The required output is the exact text of the lines from the line containing "Pendant Necklaces Hip" through the final line below, inclusive, without pictures.
SOURCE MATERIAL Start Marker
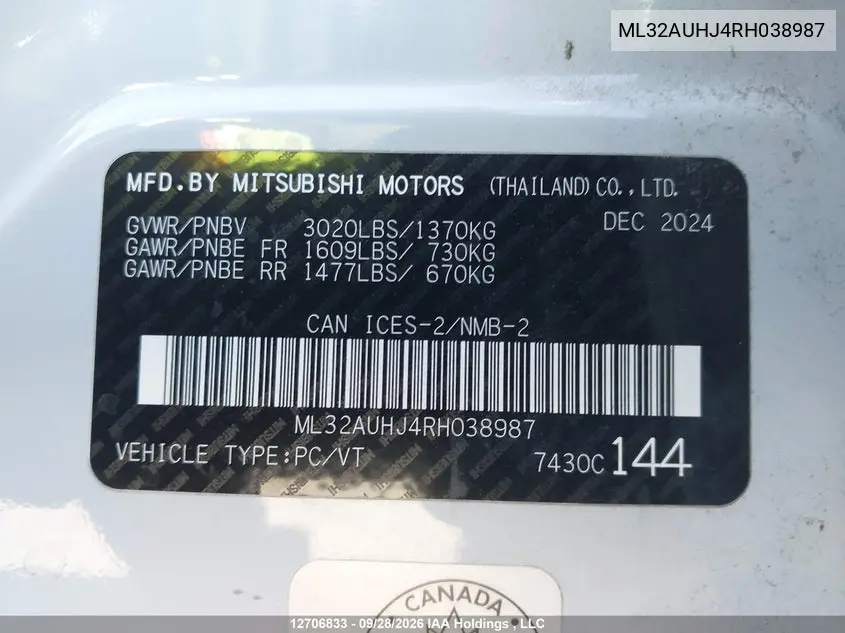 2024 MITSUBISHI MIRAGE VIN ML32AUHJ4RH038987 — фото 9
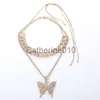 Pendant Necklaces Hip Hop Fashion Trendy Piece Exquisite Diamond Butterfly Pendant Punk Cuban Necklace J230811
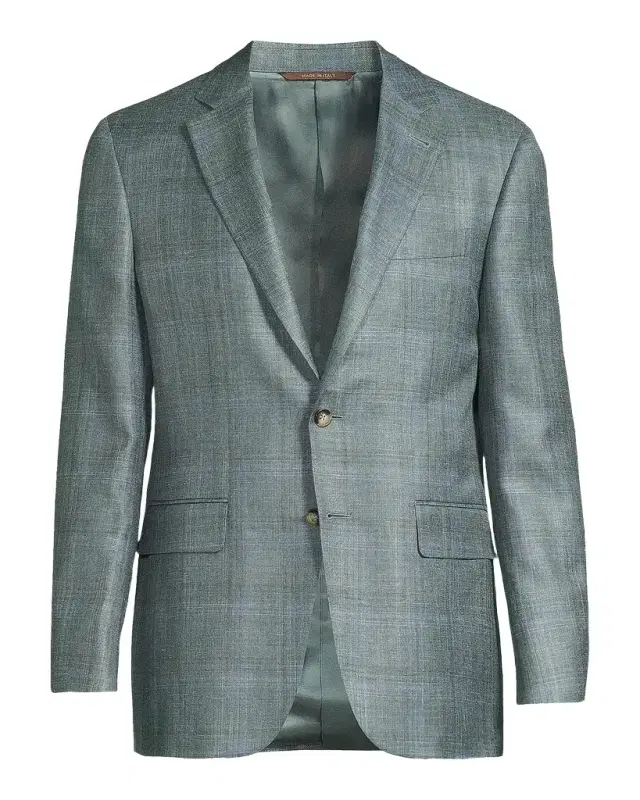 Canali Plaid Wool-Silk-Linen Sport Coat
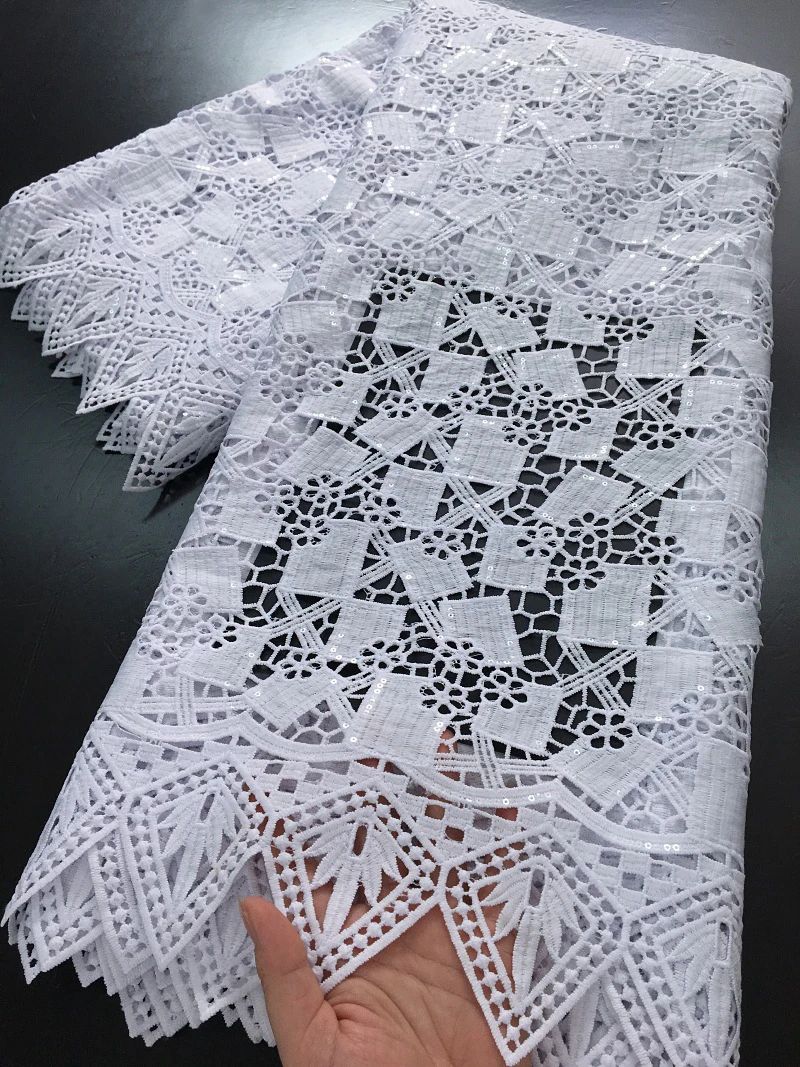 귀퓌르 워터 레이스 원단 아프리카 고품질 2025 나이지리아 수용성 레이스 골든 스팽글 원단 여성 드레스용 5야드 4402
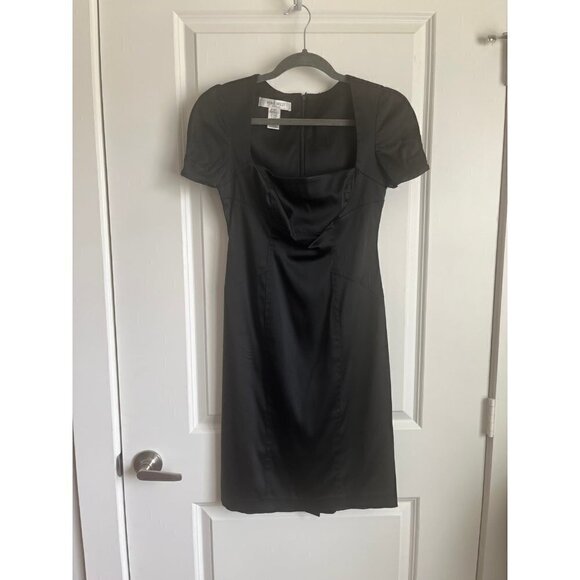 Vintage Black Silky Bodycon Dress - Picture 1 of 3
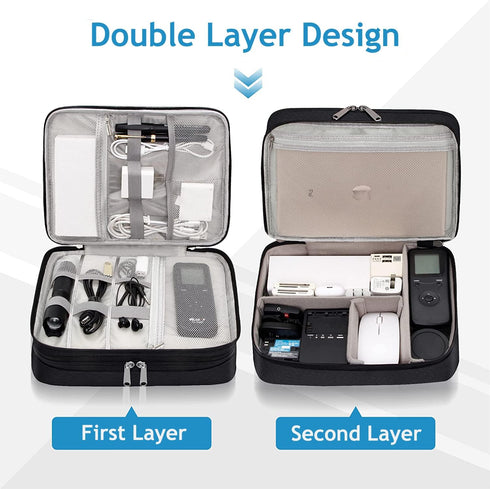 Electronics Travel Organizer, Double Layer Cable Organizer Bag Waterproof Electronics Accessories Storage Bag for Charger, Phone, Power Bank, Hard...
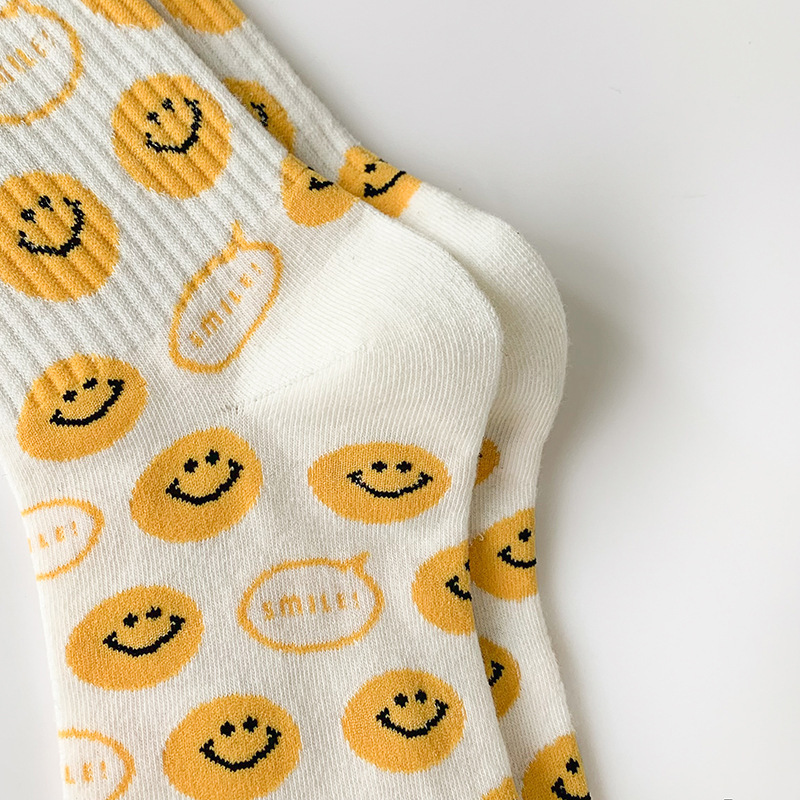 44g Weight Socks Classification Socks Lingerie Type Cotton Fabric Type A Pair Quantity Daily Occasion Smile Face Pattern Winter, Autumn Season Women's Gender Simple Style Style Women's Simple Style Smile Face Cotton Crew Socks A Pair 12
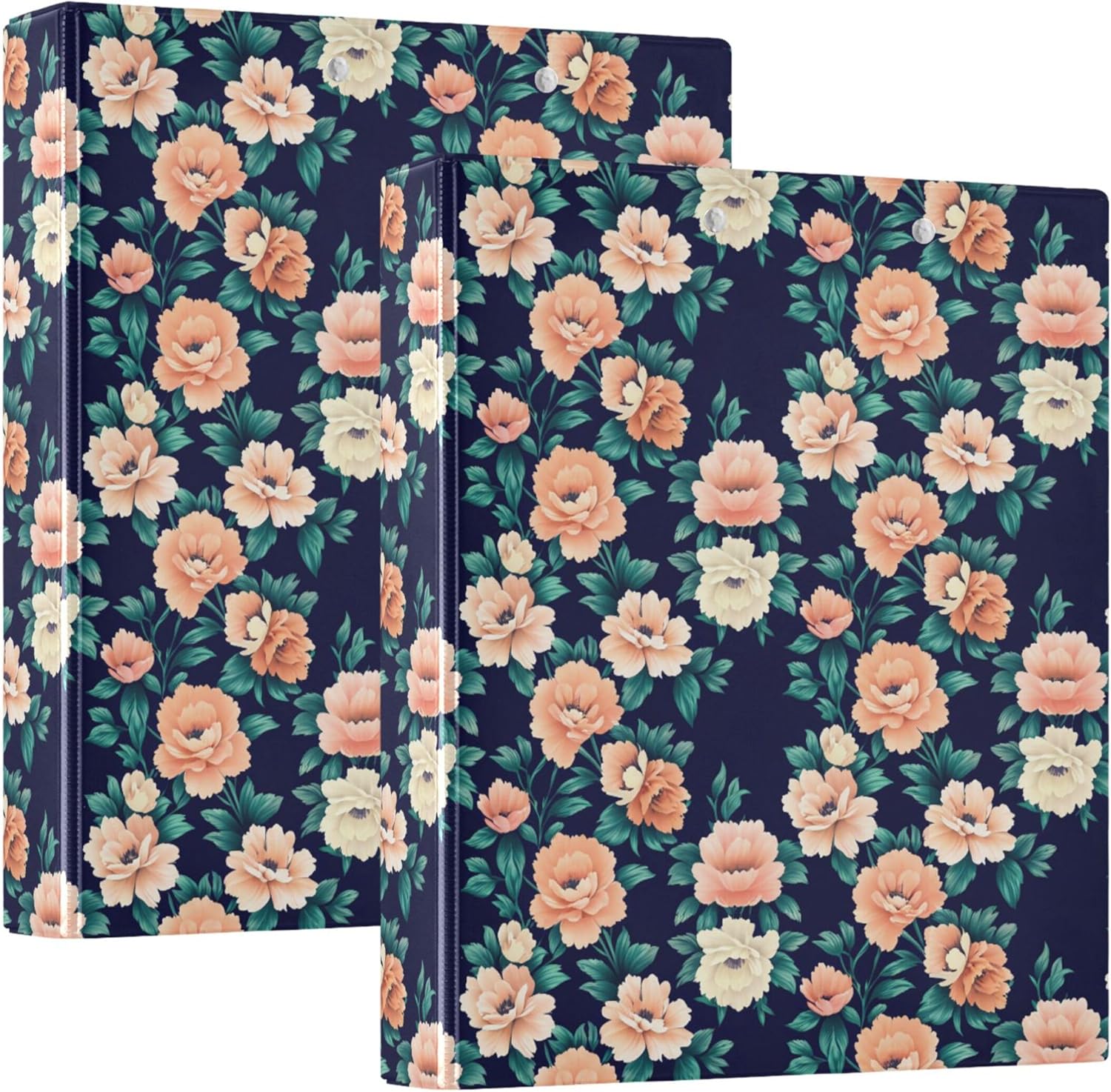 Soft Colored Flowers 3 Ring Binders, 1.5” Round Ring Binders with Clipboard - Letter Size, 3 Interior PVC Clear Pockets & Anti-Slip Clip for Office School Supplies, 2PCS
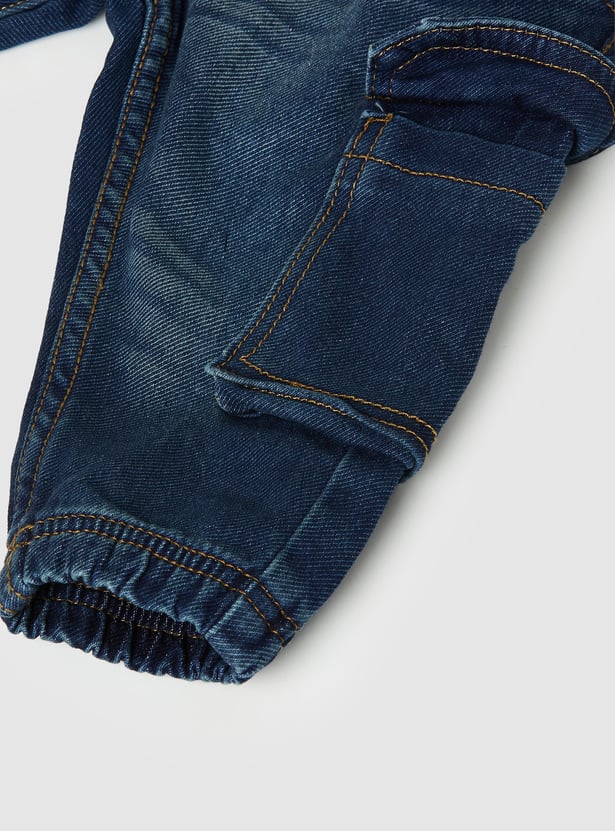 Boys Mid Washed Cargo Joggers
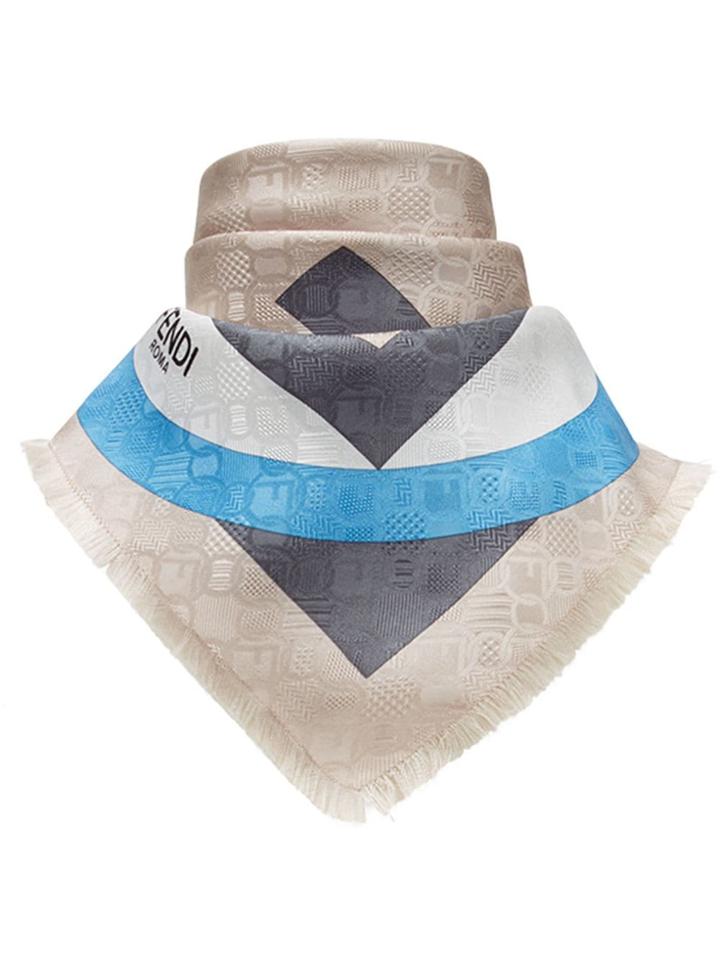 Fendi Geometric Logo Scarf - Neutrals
SOURCE MATERIAL End Marker
- SOLVED PROBLEM
 Pendant Necklaces Hip Hop Fashion Trendy Piece Exquisite Diamond Butterfly Pendant Punk Cuban Necklace J230811
 Canali Plaid Wool-Silk-Linen Sport Coat
 귀퓌르 워터 레이스 원단 아프리카 고품질 2025 나이지리아 수용성 레이스 골든 스팽글 원단 여성 드레스용 5야드 4402
 Vintage Black Silky Bodycon Dress - Picture 1 of 3
 Electronics Travel Organizer, Double Layer Cable Organizer Bag Waterproof Electronics Accessories Storage Bag for Charger, Phone, Power Bank, Hard...
 44g Weight Socks Classification Socks Lingerie Type Cotton Fabric Type A Pair Quantity Daily Occasion Smile Face Pattern Winter, Autumn Season Women's Gender Simple Style Style Women's Simple Style Smile Face Cotton Crew Socks A Pair 12
 Soft Colored Flowers 3 Ring Binders, 1.5” Round Ring Binders with Clipboard - Letter Size, 3 Interior PVC Clear Pockets & Anti-Slip Clip for Office School Supplies, 2PCS
 Boys Mid Washed Cargo Joggers
 Fendi Geometric Logo Scarf - Neutrals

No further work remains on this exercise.